Friday, November 17, 2006

Discomfort Zones

There's been a lot of hay made in the news recently about certain ordinances recently passed in Farmers Branch, Texas, and similar laws recently put on hold by federal injunction in Hazleton, Pennsylvania. I love this new tactic in fighting illegal immigration. I liken it to the war on drugs.

See, attempts to stop the flow of drugs into the country have been fruitless at best, despite ever-increasing penalties for trafficking and unprecedented international policing efforts. But the simple fact is that as long as demand for drugs remain high, there are profits to be made for the suppliers that are worth risking the penalties, no matter how severe we make them, especially for lower-income people who can make the kind of money they have no chance to make legitimately. No, the only way to stop illegal drugs will be to make people no longer want to buy them--or at least not be willing to shell out the kind of money that keeps the trade profitable. That's pretty damned hard to do with addictive substances--almost to the point of futility.

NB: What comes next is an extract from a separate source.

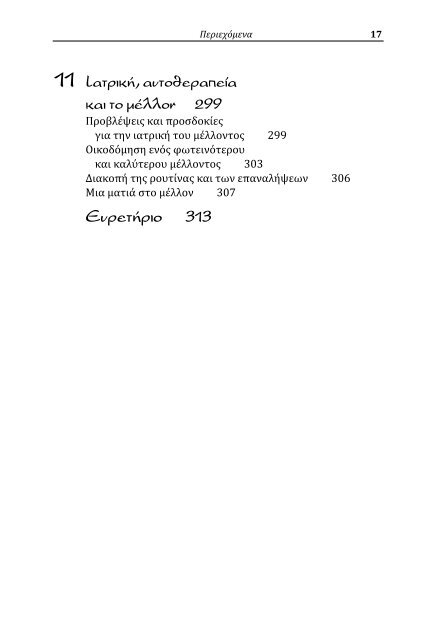 ESH-Greek-First 30Pages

But illegal immigration isn't an addiction, and these laws in Farmers Branch and Hazleton appear to be an effort to similarly attack an unwanted commodity from the demand side. Illegals want to come here because they can live better below the poverty line here than they can under average circumstances in their home countries. And employers enjoy having them here because they'll work for slave wages. And as long as those two conditions are true, all the fences, walls, border patrols, and armed dirigibles in the world won't stop people from coming here illegally. Instead, we need to make life more difficult for those who've broken our laws to enter this country. We need to make it more difficult for them to find places to live and work, and the only way to do this is to make it less profitable and more hazardous to business for landlords and other businesses to rent to and hire them. Once we decrease the tide of illegals, then it will become harder for the truly dangerous to hide themselves among them, and we can accomplish this through these laws for far less taxpayer cost than we can with more walls and guards.

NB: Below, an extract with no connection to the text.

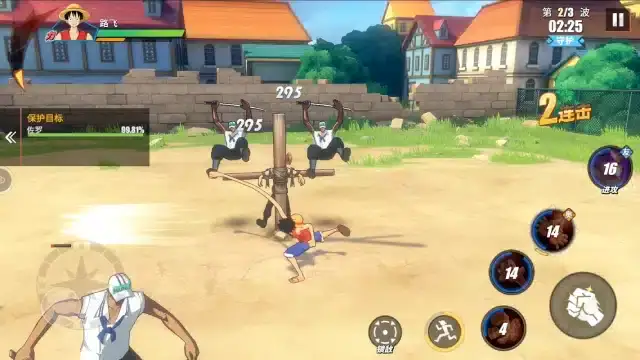 تنزيل لعبة ون بيس فايتنغ باث One Piece Fighting Path Apk للاندرويد 2026 أخر إصدار مجانا تنزيل لعبة ون بيس فايتنغ باث One Piece Fighting Path Apk للاندرويد 2026 أخر إصدار مجانا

And yet the ACLU (along with some other groups) still refuses to see the threat to national security posed by unchecked illegal immigration, saying among other things that these laws discriminate against Hispanics. Are laws increasing and establishing penalties for Americans assisting federal lawbreakers--whether they're from Central America, China, or the Middle East--more or less discriminatory than the other plans to build walls and mobilize forces exclusively along the Mexican border? The ACLU's apparently willful narrow-mindedness on this issue, and others pertaining to issues of national security, earns them a permanent link on my Enemies List.

Friday, November 03, 2006

Halloween

...is over, thank God. This is a holiday without much of an upside for me. My bad food habits run more towards chips than candy, for one thing. Sure, there's always the fact that a lot of women use the holiday as an excuse to get dressed up like hookers on the stroll, but the only Halloween party I was invited to this year was at the office, so that aspect would have been ruined by middle-aged women with midsections textured like trays of freshly baked cinnamon rolls. And that was before I got caught up in the opening series of the '06-'07 flu season. There's nothing more obnoxious than trying to get from couch or bed to the bathroom in complete darkness so as to avoid little hands pounding on my door to beg for candy. Actually, in my neighborhood, the most common costume is "thug teenager", and they don't trick-or-treat so much as shank-or-treat. But fortunately, my lights-out strategy worked, due in part, that there were more larger groups of kids going around to one another's homes, rather than simply going door to door. And with good reason--my neighborhood has a higher concentration of sex offenders than the Neverland Ranch. Bring on Thanksgiving--any holiday with customs focused on gluttony and football-watching is one that I'm solidly behind!